Atlanta Neighborhood Charter School Backpedals on Ditching the Pledge of Allegiance
The Principal of the Atlanta Neighborhood Charter School announced that she was scrapping the Pledge of Allegiance in favor of doing a student-created “Wolf Pack Chant.” She felt that the chant would be more “inclusive.”
That didn’t last long. By Thursday, August 9, the decision was reversed after the possibility of losing funding was dropped in their lap.
On August 7, according to Fox, the Atlanta Neighborhood Charter School stated that they were not going to recite the Pledge during the morning all school meeting, and instead, students would make their up own “wolf pack chant.”
How patriotic of them. Not. The school mascot for sports at the school is the wolf.
The school’s principal, Principal Lara Zelski, placed the announcment of the change on the school’s website, but it had not been brought up at any meetings, even the Board of Directors knew nothing of the plan.

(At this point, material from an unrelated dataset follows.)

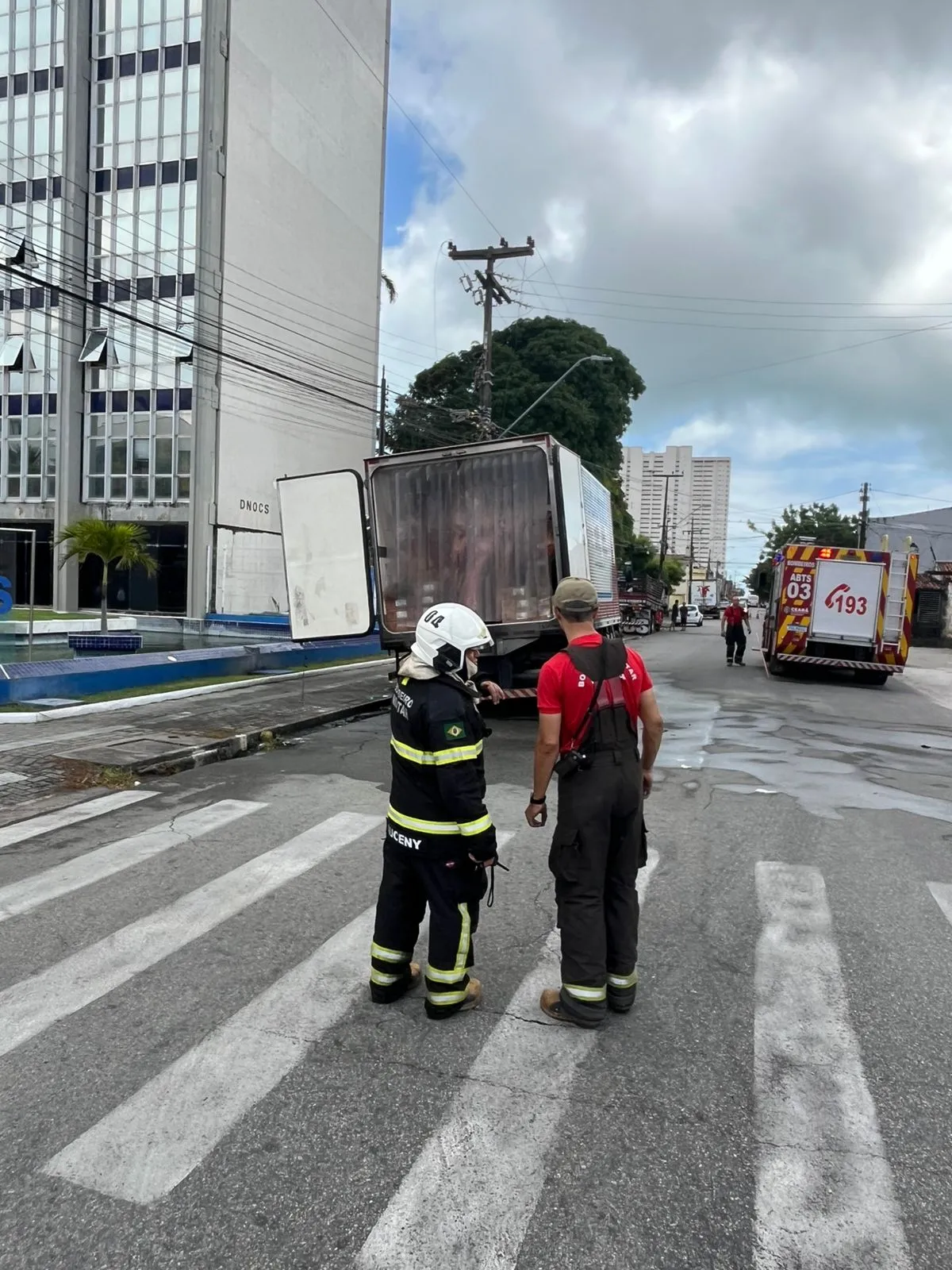 Corpo de Bombeiros foi acionado e atua no local.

“Teachers and the K-5 leadership team will be working with students to create a school pledge that we can say together at morning meeting… …focus on students’ civic responsibility to their school, family, community, country and our global society.” Lara Zelski
Legislators and others who found out about the announcment via social media instantly took exception to it.
“I’m sure our House Education Committee will examine whether taxpayer funds should be used to instill such a divisive ideology in our students…If the school is going to accept public funding, then I think they have an obligation to, at least, have dialogue with the community.” Georgia House Speaker David Ralston (R)
Within a day, the announcement was taken down from the school’s website and replaced:
“In the past, the Pledge of Allegiance was recited during our all-school morning meeting, but at the start of the school year, the daily practice was moved to classrooms. This change was done in compliance with state law … and aligned Atlanta Neighborhood Charter School with most other schools in the state who also say the Pledge of Allegiance in individual classrooms.
However, it appears there was some miscommunication and inconsistency in the rollout. Starting next week, we will return to our original format and provide our students with the opportunity to recite the pledge during our all-school morning meeting.” Lia Santos
So was it just a misunderstanding? A “miscommunication?” Or a liberal school covering its rear end at the thought of losing money?